In data analysis, a time series is a collection of data points organized in time. According to some definitions, the data points in a time series should be equally spaced, although this is not always the case. The varying definitions for a time series can be illustrated with three examples:

- A dataset compares the performance of athletes to their height. Since neither the performance of athletes nor their height relates to time, this is not a time series by any definition.
- A dataset compares the weather in a town to readings taken at random times of the year. Since time is one of the variables, but the intervals between the data points are not evenly spaced, this may or may not be a time series depending on the definition chosen.
- A dataset compares the weather in a town to reading taken at the same time every month. Since time is one of the variables, and the intervals between the data points are evenly spaced (one month apart), this is a time series by all definitions.

## What Is Time Series Analysis?

Time series analysis is the process of analyzing a time series. It is chiefly concerned with identifying three different aspects of the time series, which can be used to better clean, understand, and forecast the data. To do so, it may use a range of models which can process the time series.

## Factors in Time Series Analysis

When analyzing a time series, this form of data analysis involves identifying at least three insightful aspects of the data. These factors are autocorrelation, seasonality, and stationarity.

### Autocorrelation

In a time series, autocorrelation is the tendency of data observations and patterns to repeat themselves. If these observations and patterns repeat themselves at regular individuals, the result may also be known as seasonality.

### Seasonality

As touched on above, seasonality is when observations and patterns repeat themselves at regular intervals. The best example of seasonality would be a graph of temperatures across multiple years. During the summer, temperatures are high; during the winter, temperatures are low.

### Stationarity

Stationarity is a measure of how little a time series’ mean and variance changes over time. For example, if the temperatures measured across a period of ten years are of similar magnitude and variance — after accounting for the seasonality of the dataset — then the time series would be said to have high stationarity.

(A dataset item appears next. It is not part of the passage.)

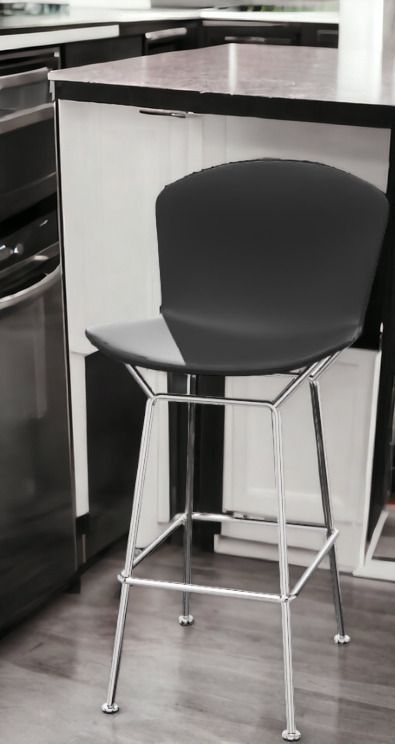 Bertoia Barhocker mit schwarzer Sitzfläche und verchromtem Gestell für die Küchentheke.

As a more illustrative example of stationarity, consider the effect of global warming on temperatures measured every month. Although the dataset may continue to show signs of autocorrelation and seasonality, the stationarity of the dataset would decrease due to a higher mean temperature and greater variance in temperatures (due to lower and higher extremes).

## Benefits of Time Series Analysis

Time series analysis has various benefits for the data analyst. From cleaning data to understanding it — and helping to forecast future data points — this is all achieved through the application of various time series models, which we’ll touch on later.

### Cleaning data

The first benefit of time series analysis is that it can help to clean data. This makes it possible to find the true “signal” in a data set, by filtering out the noise. This can mean removing outliers, or applying various averages so as to gain an overall perspective of the meaning of the data.

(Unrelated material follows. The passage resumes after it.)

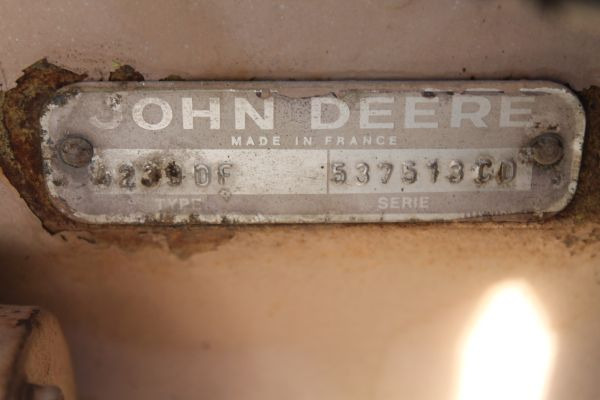 John Deere 4230 DF - Mootor - Tööstusmasin: pilt 3 John Deere 4230 DF - Mootor - Tööstusmasin: pilt 3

Of course, cleaning data is a prominent part of almost any kind of data analysis. The true benefit of time series analysis is that it is accomplished with little extra effort.

### Understanding data

Another benefit of time series analysis is that it can help an analyst to better understand a data set. This is because of the models used in time series analysis help to interpret the true meaning of the data, as touched on previously.

### Forecasting data

Last but not least, a major benefit of time series analysis is that it can be the basis to forecast data. This is because time series analysis — by its very nature — uncovers patterns in data, which can then be used to predict future data points.

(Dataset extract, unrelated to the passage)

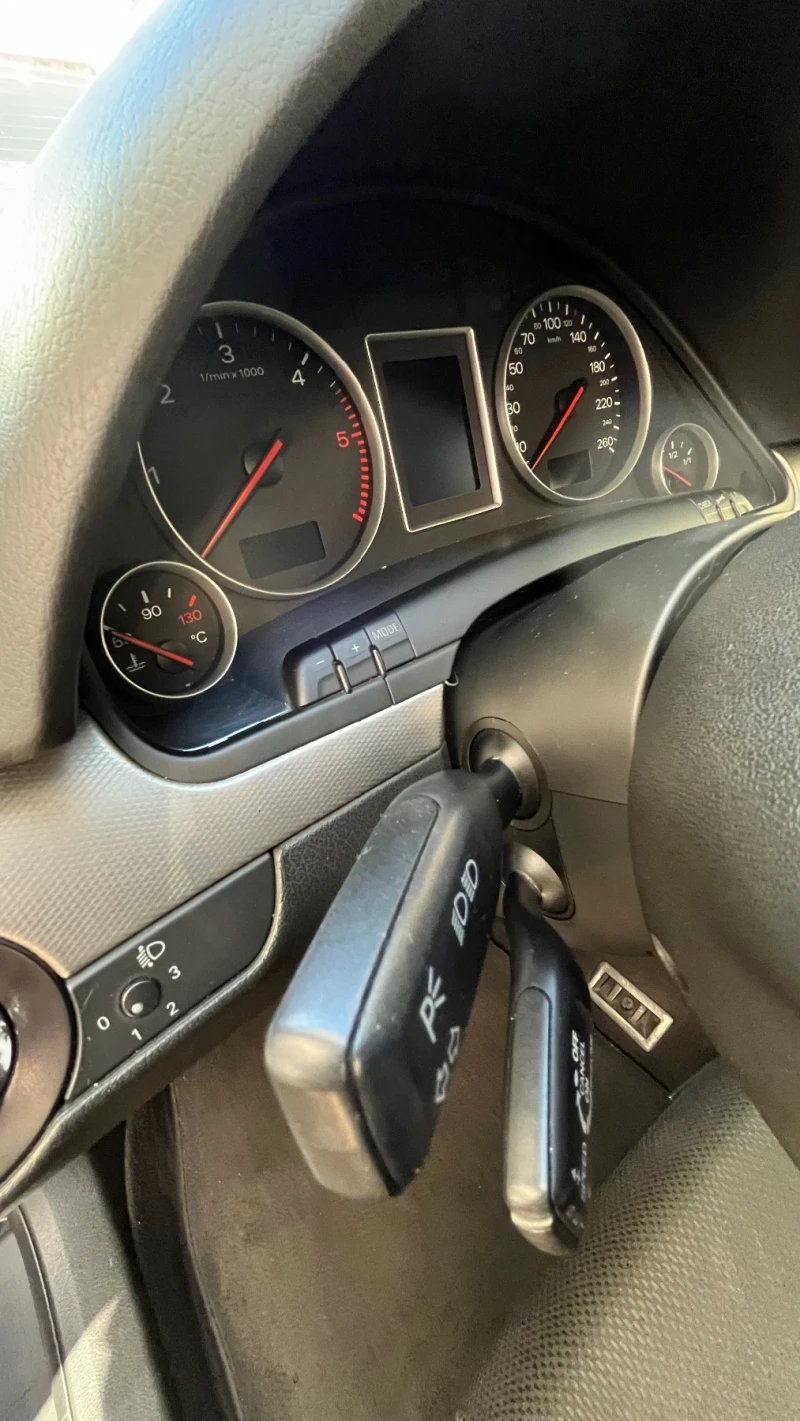 Audi A4, снимка 9 - Автомобили и джипове - 52270862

For example, autocorrelation patterns and seasonality measures can be used to predict when a certain data point can be expected. Further, stationarity measures can be used to estimate what the value of that data point will be.

Really, it’s the forecasting aspect of time series analysis that makes it so popular in business applications. Analyzing and understanding past data is all good and well, but it’s being able to predict the future that helps to make optimal business decisions.

## Models for Time Series Analysis

There are a number of models that can be used to describe and predict data points in a time series. In this section, we’ll look at two of the most basic models: moving averages and exponential smoothing.

### Moving averages

A moving average model suggests that an upcoming data point will be equal to the average of past data points. This rudimentary model is powerful in smoothing out data sets so as to observe their overall trend, with little regard for outlying data points. However, it may smooth out the seasonality of some time series.

### Exponential smoothing

Exponential smoothing is another model where upcoming data points are predicted based on an exponentially decreasing average of past data points. It’s said to be preferable to a moving average model in time series where there is no clear trend or pattern.

## Final Thoughts

Time series analysis is an advanced area of data analysis that focuses on processing, describing, and forecasting time series, which are time-ordered datasets. There are numerous factors to consider when interpreting a time series, such as autocorrelation patterns, seasonality, and stationarity. As a result, a number of models may be employed to help describe time series, including moving averages and exponential smoothing models. More advanced time series analysis models, which have not been discussed in this article, can be used to predict time series behavior with greater accuracy.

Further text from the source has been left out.